> **DESCRIPTION OF THE TASK**:
Write the data below out again, unchanged.

> **INPUT DATA**:
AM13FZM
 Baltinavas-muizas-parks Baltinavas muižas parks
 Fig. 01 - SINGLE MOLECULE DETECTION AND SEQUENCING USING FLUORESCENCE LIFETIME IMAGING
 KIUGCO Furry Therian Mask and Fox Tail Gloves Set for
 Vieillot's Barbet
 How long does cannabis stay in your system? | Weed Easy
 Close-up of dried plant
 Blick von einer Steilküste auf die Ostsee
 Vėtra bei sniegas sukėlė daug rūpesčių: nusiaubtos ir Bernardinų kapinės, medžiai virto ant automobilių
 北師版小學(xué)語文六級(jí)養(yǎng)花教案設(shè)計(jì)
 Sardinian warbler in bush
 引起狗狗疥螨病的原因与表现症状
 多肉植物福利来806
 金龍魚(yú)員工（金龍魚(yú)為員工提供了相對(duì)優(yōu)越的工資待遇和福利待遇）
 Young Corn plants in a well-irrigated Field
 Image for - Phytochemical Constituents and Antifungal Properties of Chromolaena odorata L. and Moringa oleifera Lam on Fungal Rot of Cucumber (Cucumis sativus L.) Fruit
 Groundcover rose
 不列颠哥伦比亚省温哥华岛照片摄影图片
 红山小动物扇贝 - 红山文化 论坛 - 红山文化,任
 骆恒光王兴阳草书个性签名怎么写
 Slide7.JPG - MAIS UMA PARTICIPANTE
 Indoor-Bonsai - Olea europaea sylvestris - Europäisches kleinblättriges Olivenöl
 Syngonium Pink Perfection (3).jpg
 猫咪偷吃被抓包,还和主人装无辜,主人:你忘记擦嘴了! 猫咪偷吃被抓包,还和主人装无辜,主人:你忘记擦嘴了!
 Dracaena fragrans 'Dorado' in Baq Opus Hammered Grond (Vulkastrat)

> **ANSWER TO THIS EXERCISE**:
AM13FZM
 Baltinavas-muizas-parks Baltinavas muižas parks
 Fig. 01 - SINGLE MOLECULE DETECTION AND SEQUENCING USING FLUORESCENCE LIFETIME IMAGING
 KIUGCO Furry Therian Mask and Fox Tail Gloves Set for
 Vieillot's Barbet
 How long does cannabis stay in your system? | Weed Easy
 Close-up of dried plant
 Blick von einer Steilküste auf die Ostsee
 Vėtra bei sniegas sukėlė daug rūpesčių: nusiaubtos ir Bernardinų kapinės, medžiai virto ant automobilių
 北師版小學(xué)語文六級(jí)養(yǎng)花教案設(shè)計(jì)
 Sardinian warbler in bush
 引起狗狗疥螨病的原因与表现症状
 多肉植物福利来806
 金龍魚(yú)員工（金龍魚(yú)為員工提供了相對(duì)優(yōu)越的工資待遇和福利待遇）
 Young Corn plants in a well-irrigated Field
 Image for - Phytochemical Constituents and Antifungal Properties of Chromolaena odorata L. and Moringa oleifera Lam on Fungal Rot of Cucumber (Cucumis sativus L.) Fruit
 Groundcover rose
 不列颠哥伦比亚省温哥华岛照片摄影图片
 红山小动物扇贝 - 红山文化 论坛 - 红山文化,任
 骆恒光王兴阳草书个性签名怎么写
 Slide7.JPG - MAIS UMA PARTICIPANTE
 Indoor-Bonsai - Olea europaea sylvestris - Europäisches kleinblättriges Olivenöl
 Syngonium Pink Perfection (3).jpg
 猫咪偷吃被抓包,还和主人装无辜,主人:你忘记擦嘴了! 猫咪偷吃被抓包,还和主人装无辜,主人:你忘记擦嘴了!
 Dracaena fragrans 'Dorado' in Baq Opus Hammered Grond (Vulkastrat)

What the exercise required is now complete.